HUCKNALL and the rest of Ashfield are becoming safer, cleaner and greener — thanks to the hard work of the district council.

For it has been revealed that improvements have made a big difference to the area’s environment.

The council sets itself a series of performance benchmarks as part of a Neighbourhood Charter. This is a commitment laying down how it will tackle problems ranging from fly-tipping to graffiti and anti-social behaviour (ASB).

The latest figures show a year-on-year improvement across every statistic.

Coun Warren Nuttall (Lab), lead member for neighbourhoods and parks, said: “It is extremely pleasing that our efforts to improve the environment are delivering results.

“These excellent performance-figures are testament to the hard work of many people, both within the council and the wider community.

“We are committed to making Ashfield cleaner and greener and by working with our residents, we believe we are moving in the right direction.”

The Dispatch reported late last year on an explosion of graffiti, including a digraceful attack on Hucknall Parish Church. Since then a specific team has been established to tackle the problem.

Fewer areas in Hucknall now fall below the acceptable standard for litter with workers targeting hotspots, undertaking co-ordinated clean-ups and holding community events to promote responsible behaviour.
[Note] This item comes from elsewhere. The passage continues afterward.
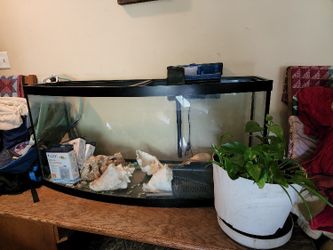100 Gallon Aquarium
Across the whole district, recycling is up to a rate of 35%, thanks to an increase in subscribers to the garden-waste service, the introduction of battery and Christmas-tree recycling, more street-sweeper waste being recycled and composted, and improvements to recycling centres.

The council’s vehicles are also less polluting with the amount of carbon dioxide they produce being reduced by 7.2%. This is down to better route-planning.

Fly-tipping has been tackled with one man jailed for 28 days for emptying a skip full of waste, including asbestos, on a Hucknall car park.

Prosecutions for ‘environmental crimes’ over the last year have resulted in almost £18,500 worth of fines being dished out by the courts.

Levels of ASB and criminal damaged have also fallen by 17% and 27% respectively.